DATA FOR PROCESSING:
----

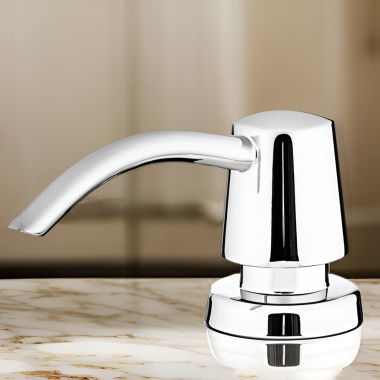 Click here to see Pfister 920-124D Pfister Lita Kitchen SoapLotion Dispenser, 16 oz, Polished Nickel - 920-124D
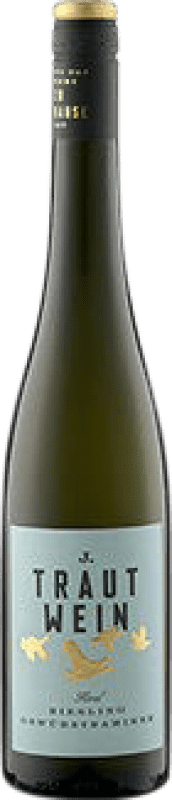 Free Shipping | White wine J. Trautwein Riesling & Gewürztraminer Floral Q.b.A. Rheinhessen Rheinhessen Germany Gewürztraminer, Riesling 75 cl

----

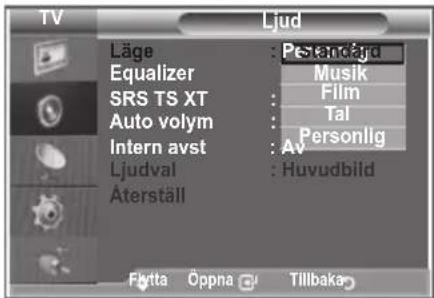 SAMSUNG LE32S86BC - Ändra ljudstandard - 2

----

WHAT THE EXERCISE ASKS: Look above for the line holding "Click here to" and output everything from it down to the line holding "Free Shipping |", both ends included, exactly and without images.

OUTPUT OF THE TASK:
 Click here to see Pfister 920-124D Pfister Lita Kitchen SoapLotion Dispenser, 16 oz, Polished Nickel - 920-124D
 Free Shipping | White wine J. Trautwein Riesling & Gewürztraminer Floral Q.b.A. Rheinhessen Rheinhessen Germany Gewürztraminer, Riesling 75 cl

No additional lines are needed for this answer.